B61 nuclear bombsThe B61 bombs are an integral part of our nation's strategic defense and are the oldest weapons in the nuclear stockpile, many of which were originally produced in the late 1960s and early 1970s. The B61-7/11s are slated to be refurbished by fiscal year 2009.

No new nuclear weapons have been produced since the end of the Cold War. At the time of production, these weapons were not intended to last indefinitely, and over time nuclear warheads deteriorate, even when kept in storage. Therefore, to maintain a credible nuclear deterrent without conducting underground tests, NNSA uses science-based research to extend the lifetime of nuclear weapons. Through the Stockpile Stewardship Program, NNSA works extensively to develop solutions to extend the lifetime of a warhead or bomb. Life extension work includes identifying and correcting potential technical issues within each weapon, and refurbishing and replacing certain components.

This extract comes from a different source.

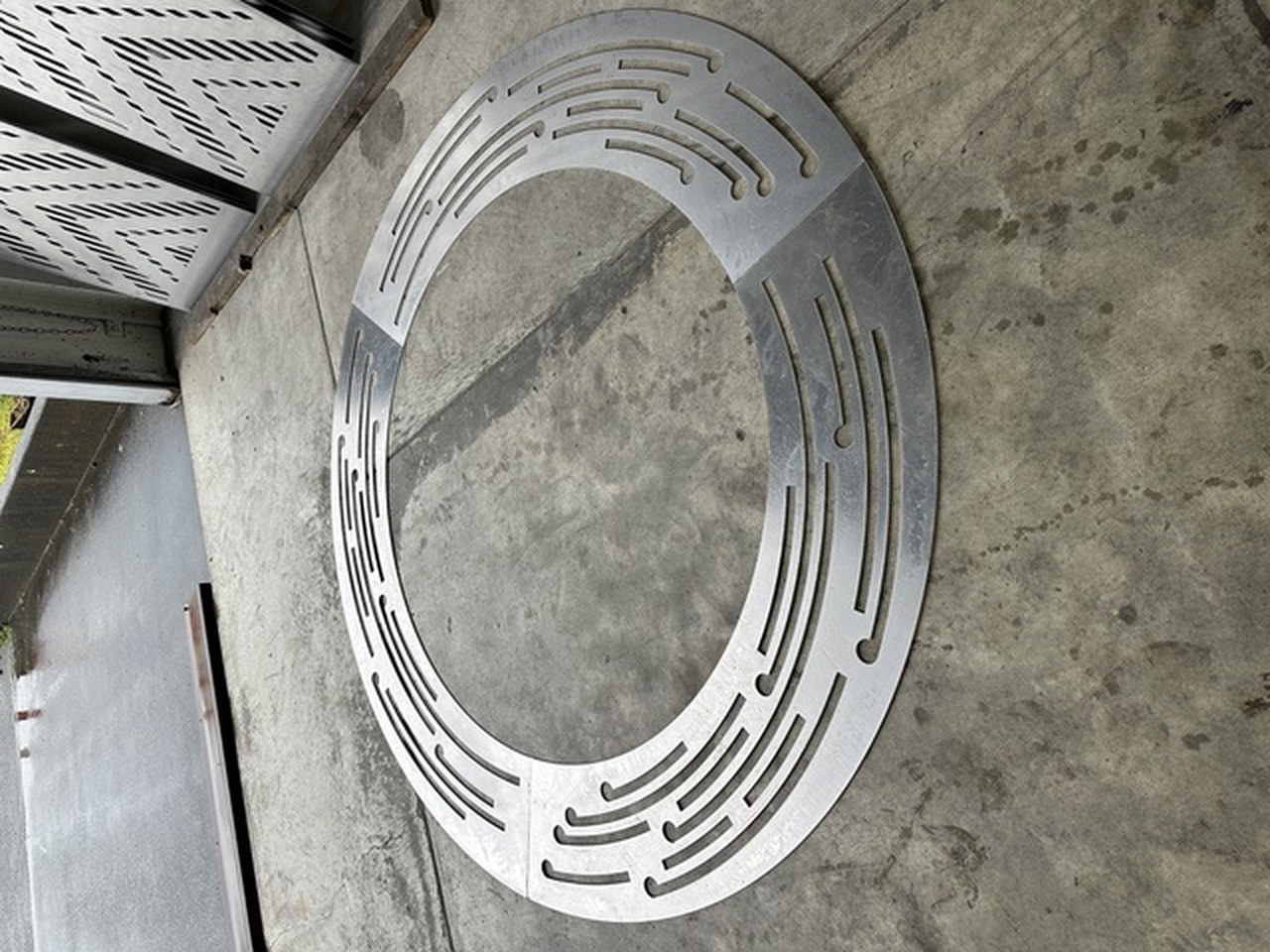Perforated steel ring detail set into a concrete panel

Established by Congress in 2000, NNSA is a semi-autonomous agency within the U.S. Department of Energy responsible for enhancing national security through the military application of nuclear science. NNSA maintains and enhances the safety, security, reliability and performance of the U.S. nuclear weapons stockpile without nuclear testing; works to reduce global danger from weapons of mass destruction; provides the U.S. Navy with safe and effective nuclear propulsion; and responds to nuclear and radiological emergencies in the U.S. and abroad.